Diverse User Preference Elicitation with Multi-Armed Bandits

Javier Parapar
Proceedings of the ACM international Conference on Web Search and Data Mining (WSDM) (2021)

Abstract

Personalized recommender systems rely on knowledge of user preferences to produce recommendations. While those preferences are often obtained from past user interactions with the recommendation catalog, in some situations such observations are insufficient or unavailable. The most widely studied case is with new users, although other similar situations arise where explicit preference elicitation is valuable. At the same time, a seemingly disparate challenge is that there is a well known popularity bias in many algorithmic approaches to recommender systems. The most common way of addressing this challenge is diversification, which tends to be applied to the output of a recommender algorithm, prior to items being presented to users.
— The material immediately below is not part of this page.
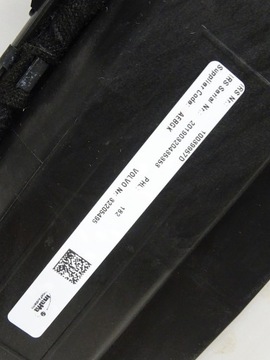 фото thumb №10, Люк панорама крыша комплектная volvo xc60 ii 17- 32205495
We tie these two problems together, showing a tight relationship. Our results show that popularity bias in preference elicitation contributes to popularity bias in recommendation. In particular, most elicitation methods directly optimize only for the relevance of recommendations that would result from collected preferences. This focus on recommendation accuracy biases the preferences collected. We demonstrate how diversification can instead be applied directly at elicitation time. Our model diversifies the preferences elicited using Multi-Armed Bandits, a classical exploration-exploitation framework from reinforcement learning. This leads to a broader understanding of users' preferences, and improved diversity and serendipity of recommendations, without necessitating post-hoc debiasing corrections.